We told the stories of how we ended up signing with our agents. I shared that I kept getting very positive feedback, but after several possible agents told me the beginning didn’t grab them, I listened. I rewrote the first chapter and had “all” full requests after that. But it wasn’t until I caught the interest of an editor that things picked up.
Gena shared that she was approached by another agent originally, but they had different ideas for her career. She told the group to make sure the agent you pick will have the same projections–if you plan to write in different genres, make sure he or she will handle all of them.
One question was, “If we could go back to being unpublished writers again and kn0w what we do now, what would we change?”
For me, it would be to truly understand that you have to write everyday or at least five days a week. No matter how busy with jobs, kids and everything else, make at least an hour a day yours even if you have to get up earlier or stay up later. Yes, I work better when I have hours of uninterrupted time, but if I’d truly grasped how important it is to stay in the story daily, I would have… well, I think I’d be further than I am now. ( On the drive home, I thought of like five other answers I’d add to mine.)

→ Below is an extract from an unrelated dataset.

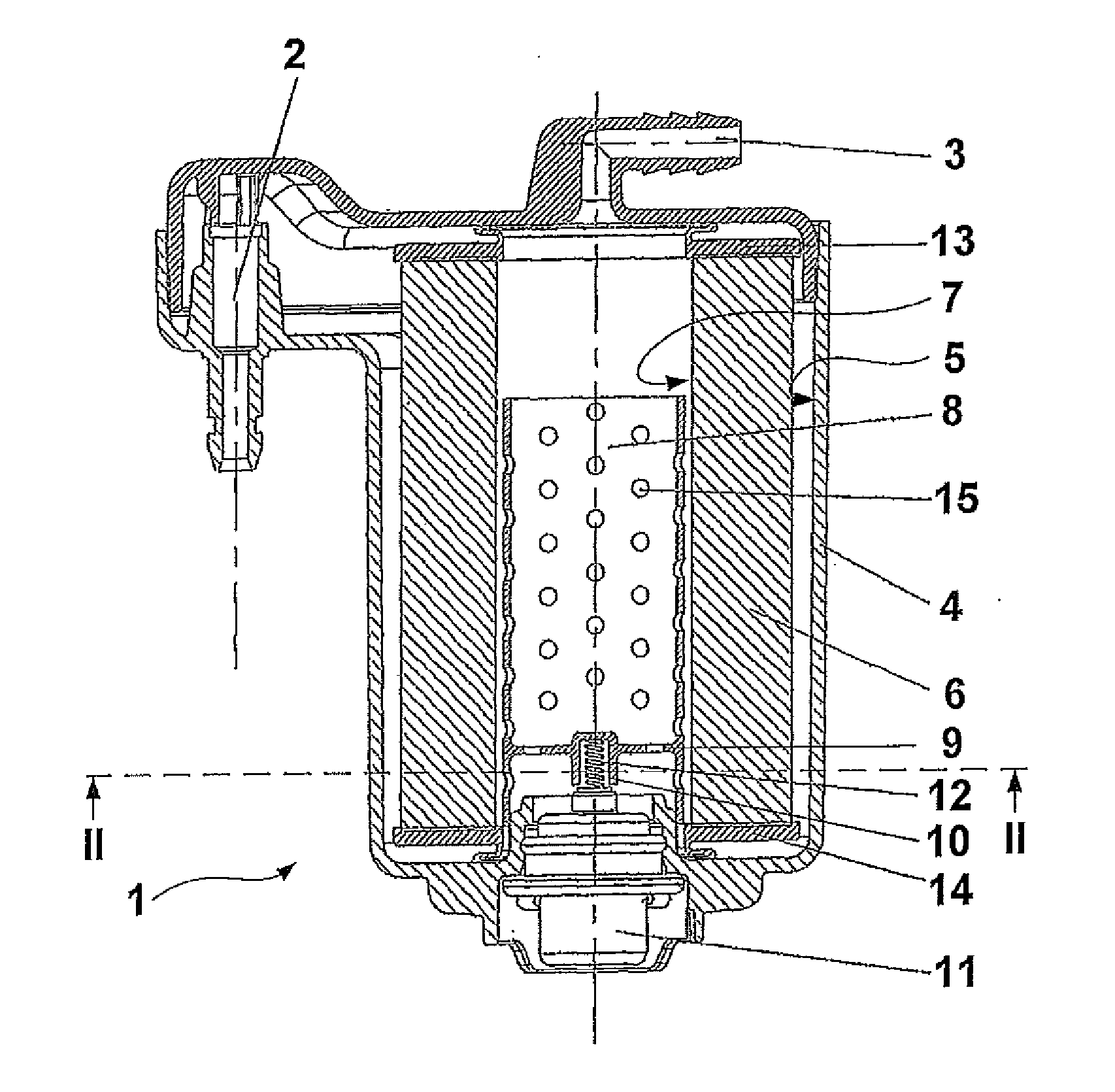Fuel filter for motor vehicle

Gena said she would go back and tell herself to write the books of her heart and not try to conform to what she thought others wanted to read. She shared a story of writing a book that had one part she really loved and it was that part her agent or editor picked as the best part of the book.

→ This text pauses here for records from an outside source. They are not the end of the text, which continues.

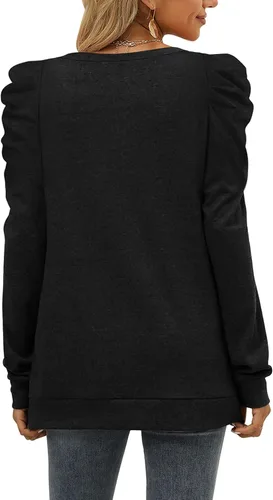 Miniatura 4 de XIEERDUO Sudaderas para mujer, cuello redondo, manga abombada, suéteres sueltos, ropa moderna y fluida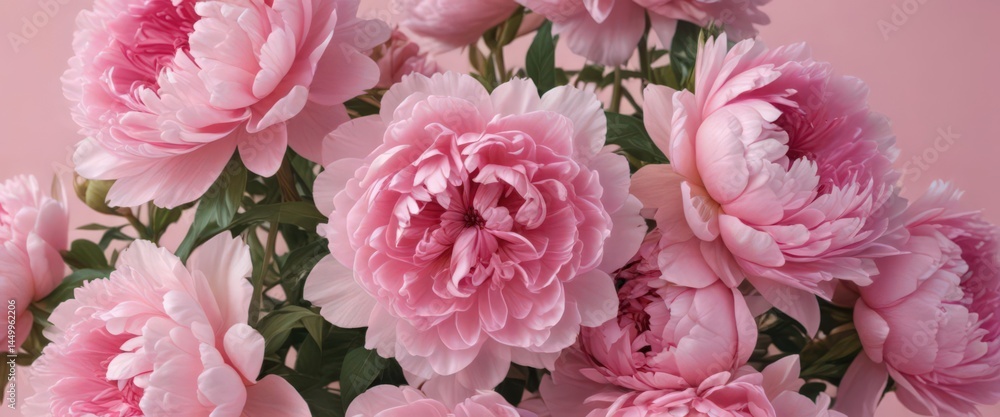 Dense cluster of pink peonies on a blush pink backdrop , flower photography, nature Dense cluster of pink peonies on a blush pink backdrop , flower photography, nature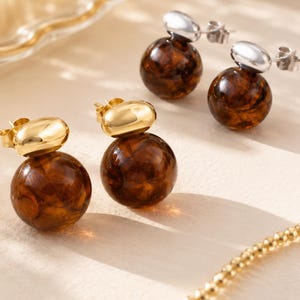 Tortoise Shell Stud Earrings, Gold or Silver Stainless Steel, Brown Ball Earrings, Hypoallergenic Everyday Jewelry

She also shared that in the beginning, her relationship with her agent was tentative–kind of the way mine is at this point. But that will change with time and experience and I look forward to that.

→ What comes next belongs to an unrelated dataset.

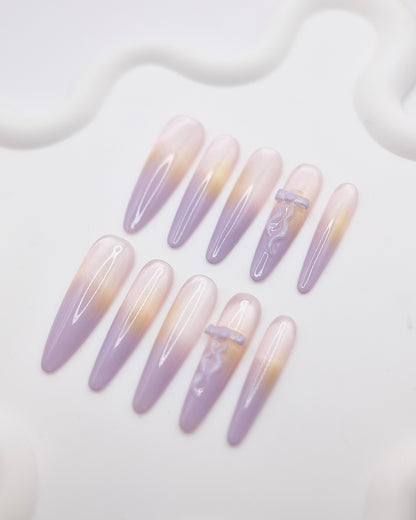 BUYRII X H² Extra Long Stiletto Shiny & Purple French Manicure Shy Press On Nails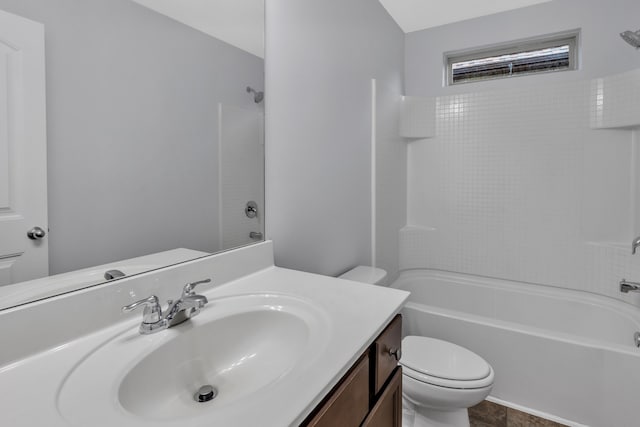 full bathroom with shower / bathing tub combination, vanity, and toilet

We discussed how we work with our agents as far as new material. Both of us run new ideas by them. One of the writers in the audience raised her hand and shared that her agent only reads finished proposals before they go out to editors. So again, it’s something to discuss with your own agent–set up how you both like to work.
We shared that agents have different preferences as far as what they handle, but both our agents prefer to at least see all our contracts, even for the short-not-so-profitable pieces. Every contract is a part of our overall portfolio.
I shared that I’m luckier than a lot of writers in new relationships with their agents because I’m also a part of a group of writers who are also her clients. I hear how my agent goes to bat for her authors and this gives me a lot of confidence when it comes to my future contracts, etc.
I also told them that if I could go back even one year, I’d change my expectations. I’d been around writers who snapped up agents then had the fastest turnaround possible in getting book deals. After experiencing a couple of those right before my own signing, I kind of expected the same. Truth is, that is a rare situation. Most book deals take longer. I thought having an agent would cause an instant sale. It doesn’t. There are a lot of writers and a LOT of manuscripts and yes, an agent will get you in quickly, but that doesn’t guarantee a quick read or response.
So, keep your expectations reasonable and you’ll be in for less disappointment. But don’t give up. I truly believe success in this business comes through self-discipline and perseverance and writing the best possible books you can.